Google Docs System Design Interview: Real-Time Collaborative Editing
Google Workspace crossed 3 billion users (Google, 2023), and Docs is one of its most used apps. The hard requirement is that when one person types, everyone else editing the same document sees the change in well under a second. A common design target for that change-propagation is under 100 to 200 ms of perceived sync latency (estimate, based on published real-time collaboration goals rather than an official Docs SLA).
Google Docs lets many people edit the same document at the same time and each person sees the others' keystrokes almost instantly. The core problem is not storage, it is conflict resolution: two edits that happen concurrently must be merged so every client converges on the exact same final text. Google solves this with Operational Transformation, where each edit is a small operation that gets transformed against operations it did not know about. A single collaboration server per document gives every operation a total order, which is what makes convergence tractable. On top of that sit presence, remote cursors, offline editing with later reconciliation, comments, sharing permissions, and a version history built from the operation log.
Asked at: Google, Microsoft, Atlassian, Notion, Figma, Dropbox, and most companies that build collaborative editors or shared canvases.
Why this question is asked
This question is popular because it forces you off the standard CRUD path and into distributed concurrency. There is no correct answer that avoids the central issue: if two users edit the same region of a document at the same moment, what does the final state look like, and how do you guarantee that every participant computes the identical result. A strong candidate has to reason about operation ordering, transformation of concurrent edits, low-latency fan-out over persistent connections, presence and remote cursor rendering, offline edits that reconnect and reconcile against a document that moved on without them, and how to store enough history to rebuild any past version. It rewards depth on Operational Transformation or CRDTs and punishes hand-waving.
Requirements
Always clarify these in the first 5 minutes of the interview. Do not start drawing boxes until both lists are agreed.
Functional requirements
- Multiple users can open and edit the same document at the same time.
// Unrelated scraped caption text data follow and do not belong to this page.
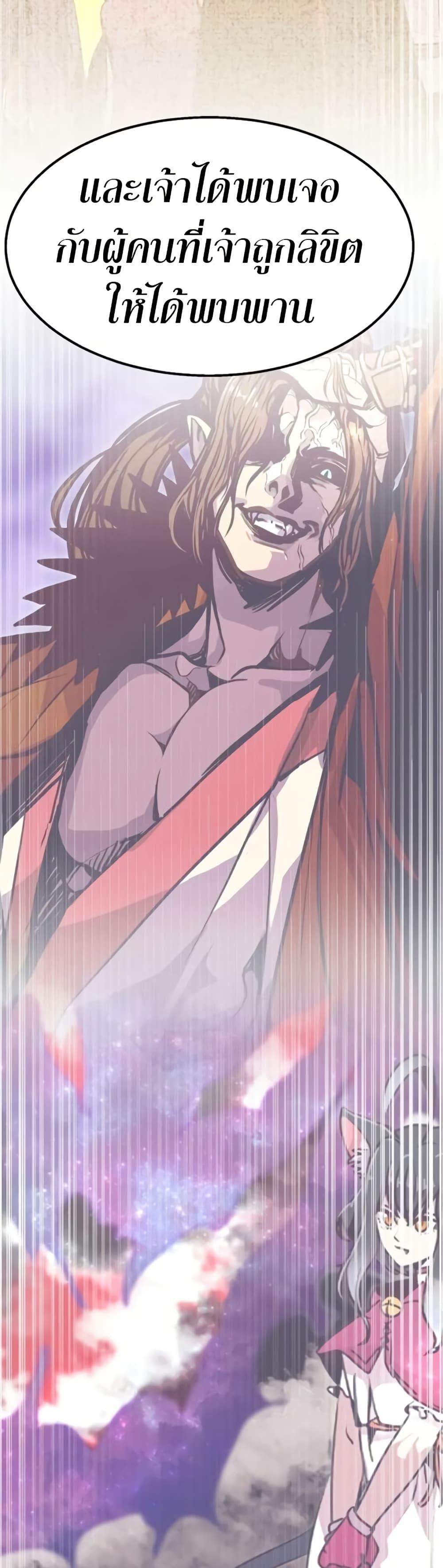 Worthless Regression Chap 95 - Next Chap 96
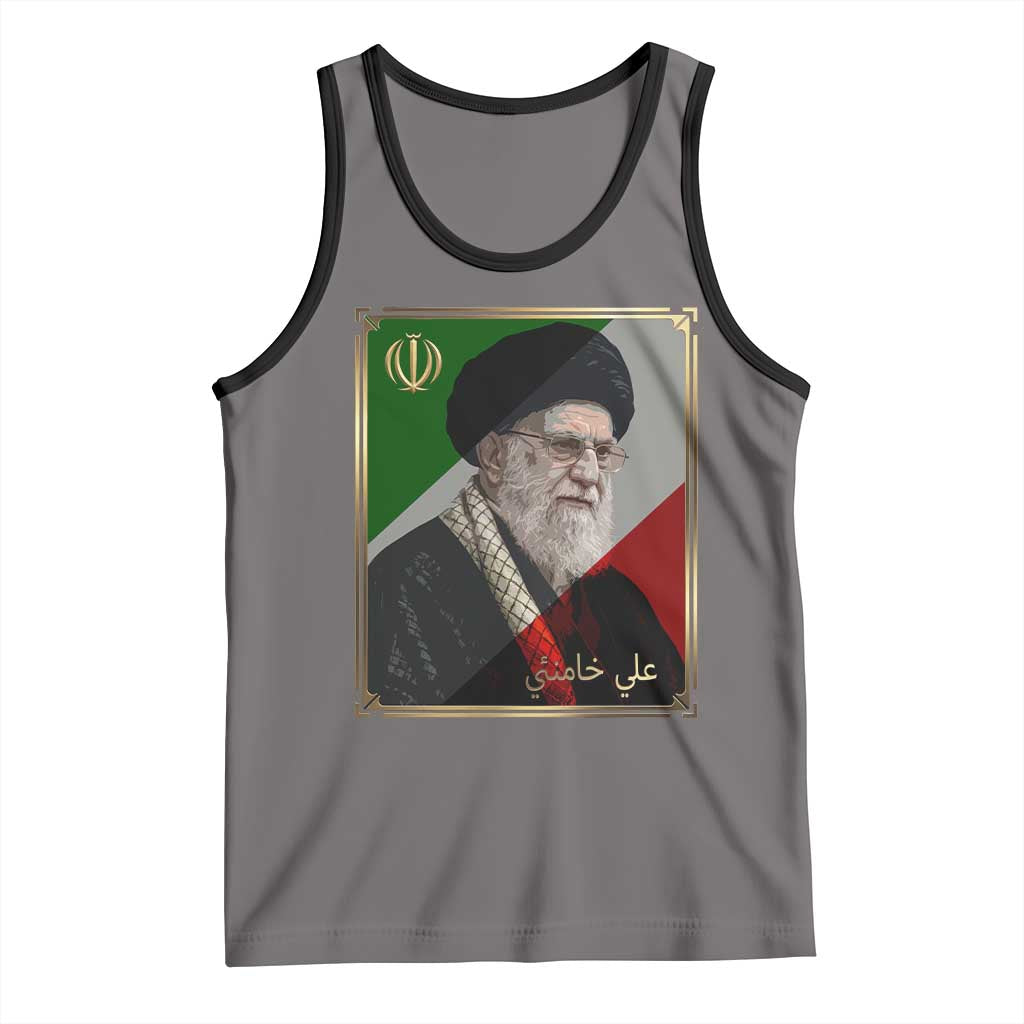 Ali Khamenei Memorial Tribute Portrait Tank Top TS14 Deep Heather Black Print Your Wear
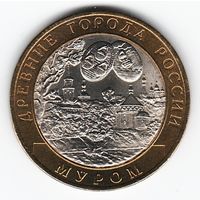 10 рублей 2003 г. Муром СПМД _состояние аUNC
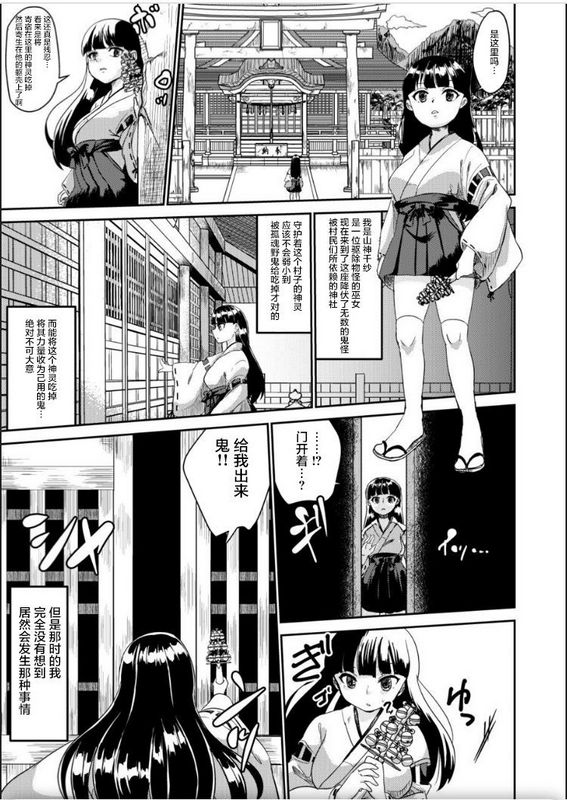 让鬼生气的巫女的话
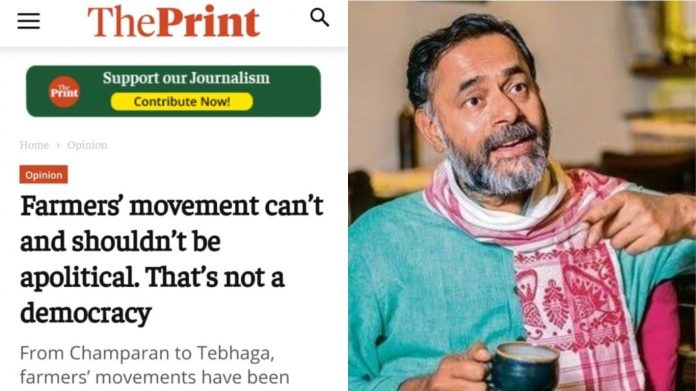 योगेंद्र यादव किसान आंदोलन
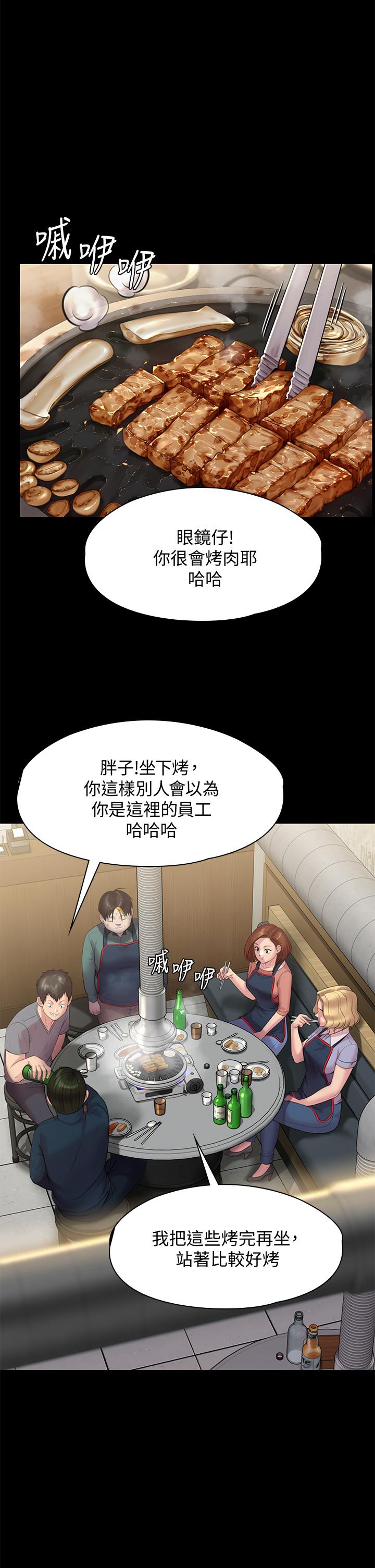《傀儡》漫画 第217話-在我身上做記號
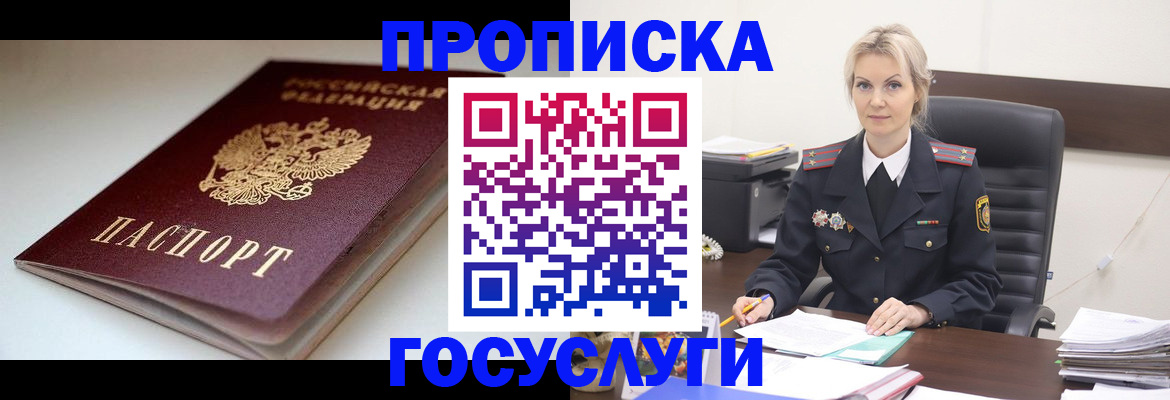 временная регистрация собственник в Сосновке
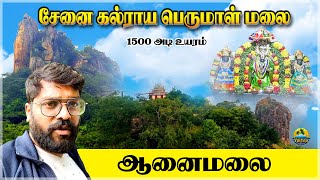 சேனைக்கல்ராய பெருமாள் மலை ஆனைமலை | பொள்ளாச்சி | Senaikkalrayap Perumal Kovil  pollachi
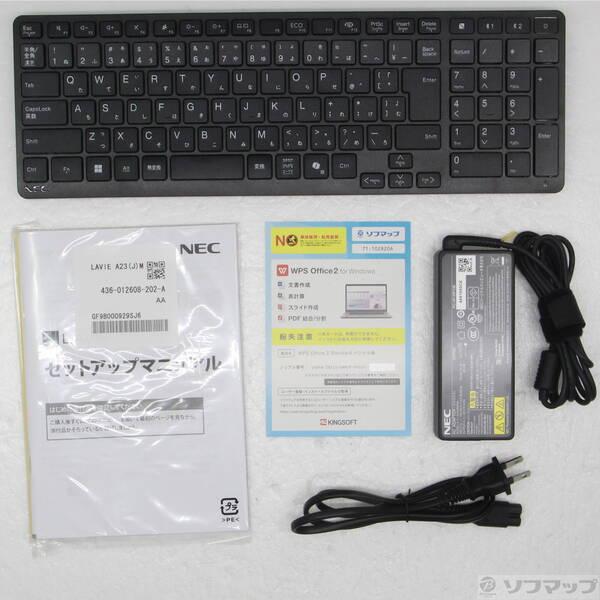 〔中古〕NEC(エヌイーシー) LAVIE A23 PC-A2375JAB ファインブラック〔377-ud〕 |  | 04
- Each user sees other users' edits appear in near real time, character by character.
- Each user sees other participants' cursors and text selections, labeled by person.
- Concurrent edits to the same document converge so every client ends with identical content.
- Users can edit offline and have their changes reconciled with the server on reconnect.
- Users can add comments and suggested edits anchored to specific text ranges.
- The system keeps version history so a user can view or restore an earlier state.
- Documents can be shared with view, comment, or edit permissions per user or link.
- Rich text formatting (bold, headings, lists, tables) is preserved across concurrent edits.
Non-functional requirements
- Change-propagation latency should feel instant, a target of under 100 to 200 ms perceived sync (estimate).
- High availability, since a document that will not open blocks the user's work entirely.
- Durability: no acknowledged edit may ever be lost, even across server restarts.
- Convergence consistency: all clients of one document must reach byte-identical final state.
- The connection layer must scale to many concurrent editors and idle viewers per document.
- Offline reconciliation must be deterministic and must not silently drop a user's work.
- Version history must be reconstructable at low cost from stored operations and snapshots.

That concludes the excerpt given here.